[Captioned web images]
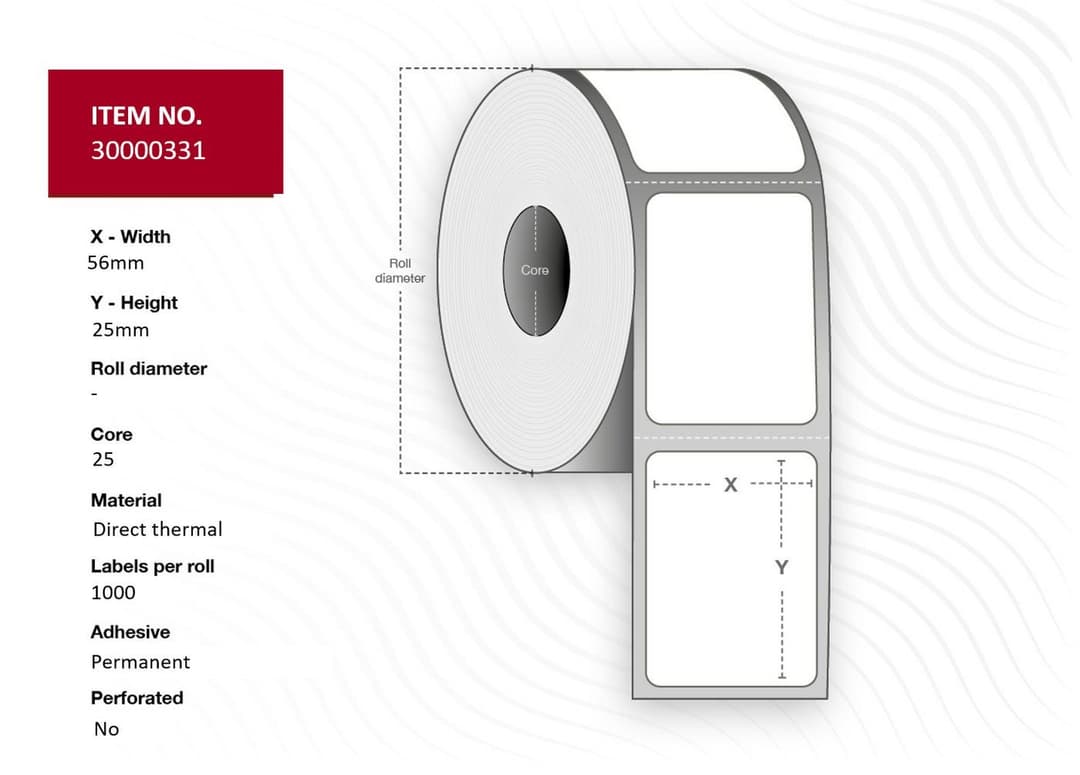 Capture Label 56x25 - Core 25. White. Top-coated. Direct Thermal. Permanent. 1000 labels per roll. 24 rolls per box - Image 1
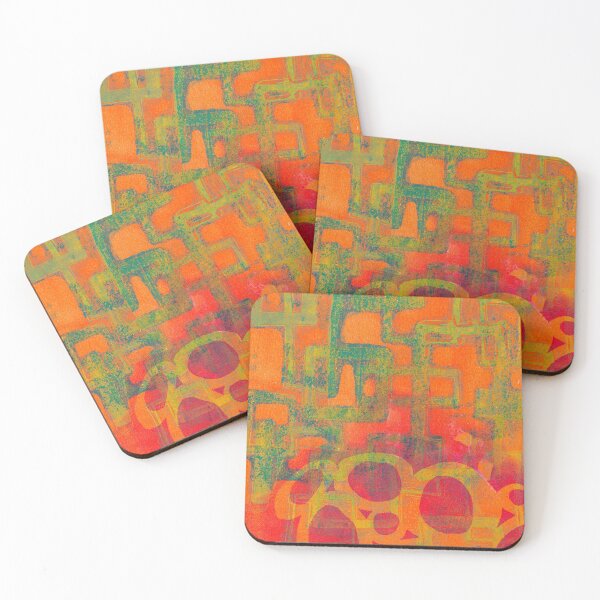 Item preview, Squares and Circles Gel-Plate Print designed and sold by Tamzin Smith.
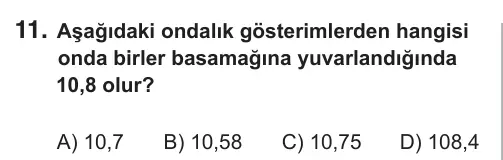 6. Sınıf Matematik 2018 İOKBS Bursluluk Sınavı 11. Soru görseli
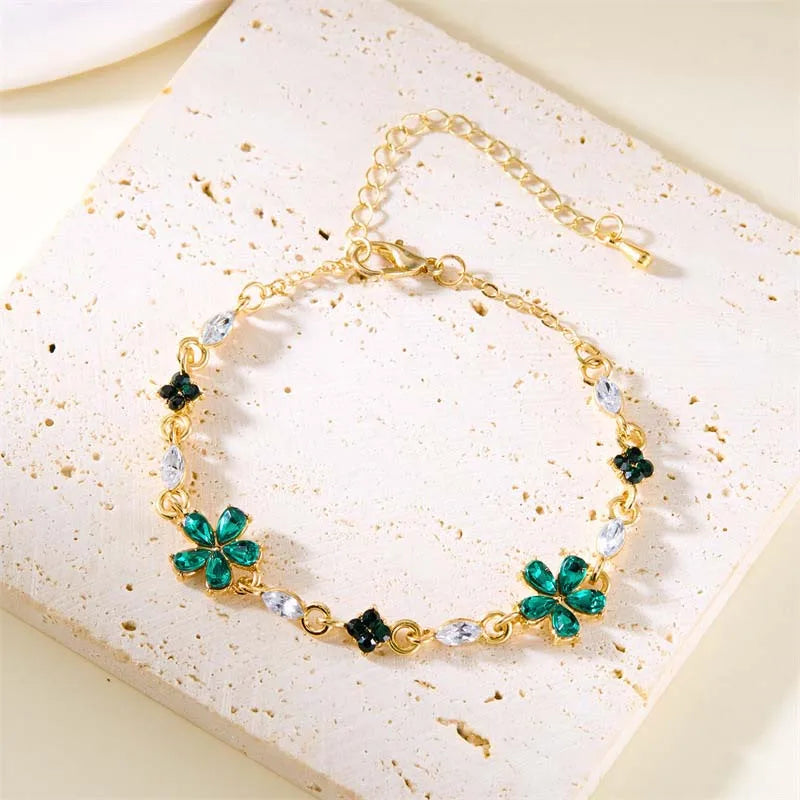 Coquette Luxury Colorful Zircon Flower Bracelet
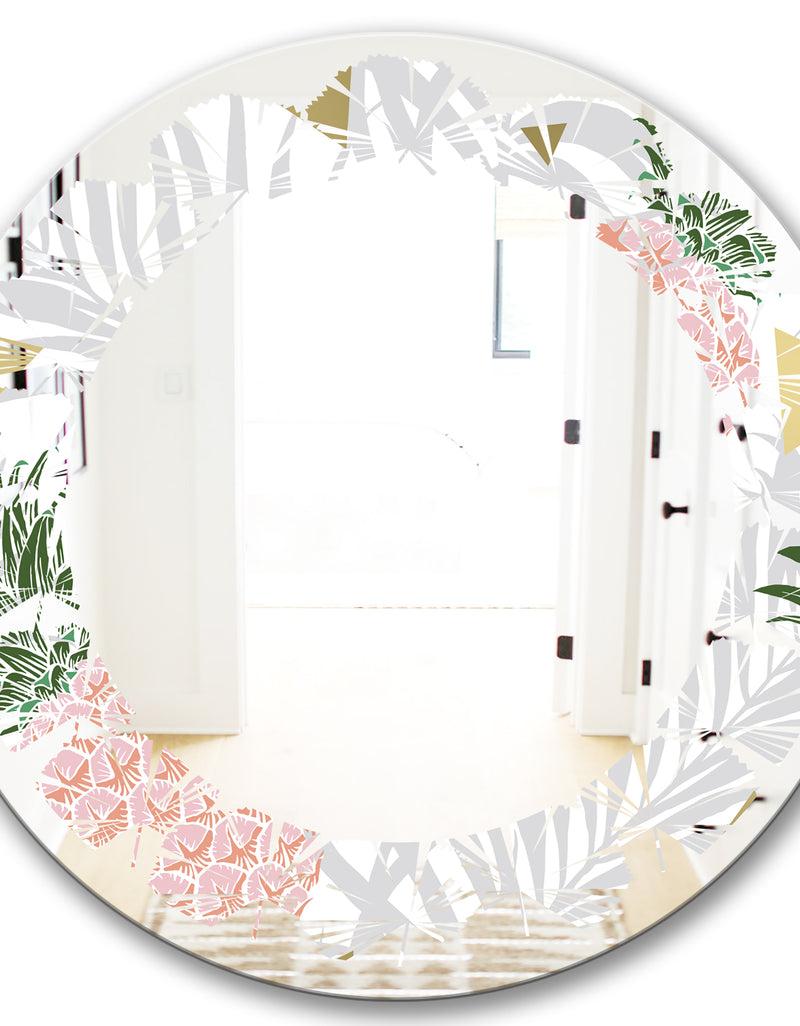 DesignQ Pineappple On Tropical Leaves - Modern Round Or Oval Wall Mirror - Leaves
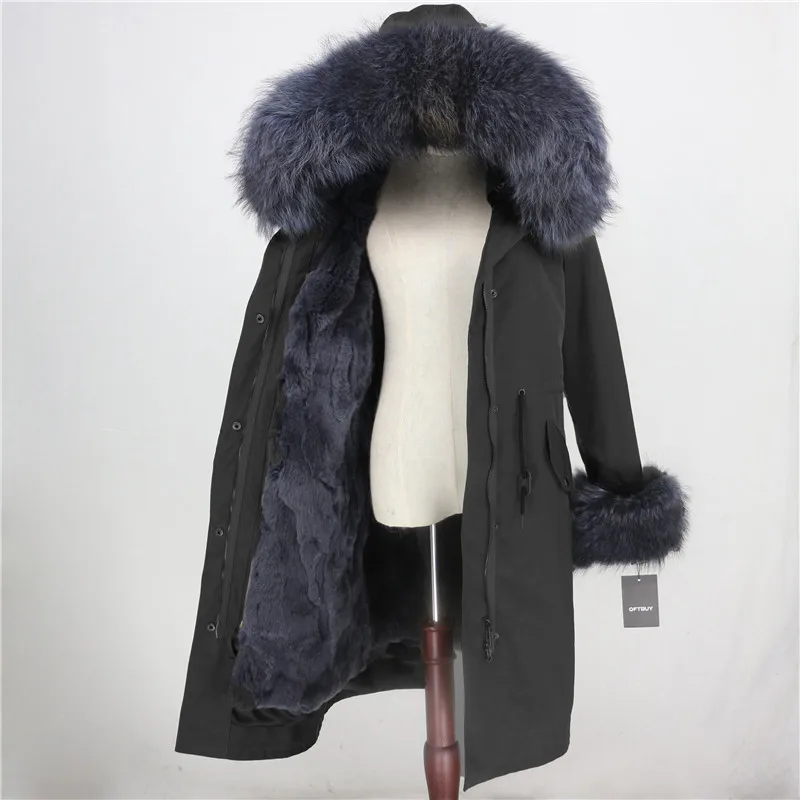 black grey OFTBUY, водонепроницаемая верхняя одежда, удлиненная парка, зимняя куртка для женщин, натуральный мех енота, капюшон, пальто из натурального кроличьего меха, теплая уличная одежда, новинка - Цвет: black grey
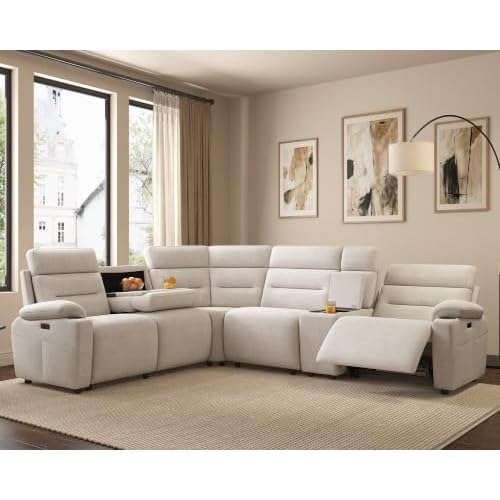 AMERLIFE L-Shaped Power Reclining Sectional Sofa with Dual Consoles, Beige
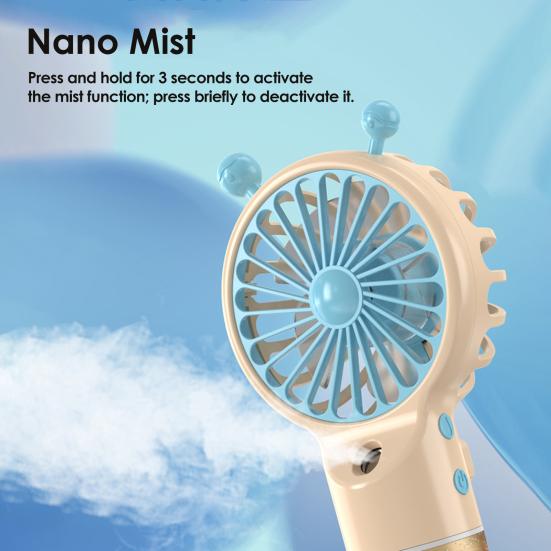 Spray Fan Cartoon Snail Design Silent Motor Mini Handheld Tabletop Fan with Water Mist Cooling USB Rechargeable Handheld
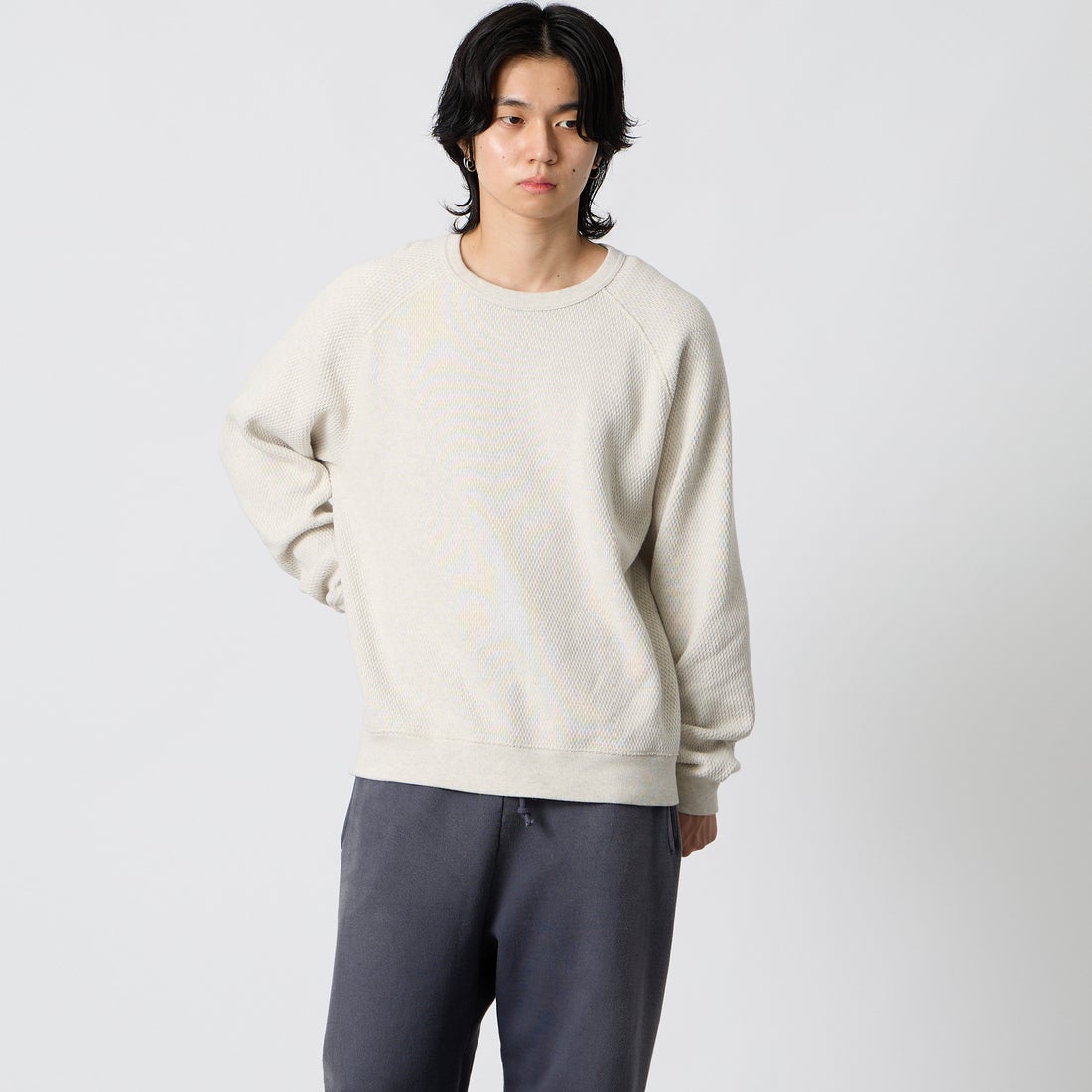 GOLD [ゴールド] ヘビーサーマル ラグランクルーネック [GL69771] 131 OATMEA &&モデル身長：177cm 着用サイズ：M&&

● **Task directions**
Retype the data above as given, letting no picture into the copy.

● **Answer to this problem**
 Capture Label 56x25 - Core 25. White. Top-coated. Direct Thermal. Permanent. 1000 labels per roll. 24 rolls per box - Image 1
 Item preview, Squares and Circles Gel-Plate Print designed and sold by Tamzin Smith.
 6. Sınıf Matematik 2018 İOKBS Bursluluk Sınavı 11. Soru görseli
 Coquette Luxury Colorful Zircon Flower Bracelet
 DesignQ Pineappple On Tropical Leaves - Modern Round Or Oval Wall Mirror - Leaves
 black grey OFTBUY, водонепроницаемая верхняя одежда, удлиненная парка, зимняя куртка для женщин, натуральный мех енота, капюшон, пальто из натурального кроличьего меха, теплая уличная одежда, новинка - Цвет: black grey
 AMERLIFE L-Shaped Power Reclining Sectional Sofa with Dual Consoles, Beige
 Spray Fan Cartoon Snail Design Silent Motor Mini Handheld Tabletop Fan with Water Mist Cooling USB Rechargeable Handheld
 GOLD [ゴールド] ヘビーサーマル ラグランクルーネック [GL69771] 131 OATMEA &&モデル身長：177cm 着用サイズ：M&&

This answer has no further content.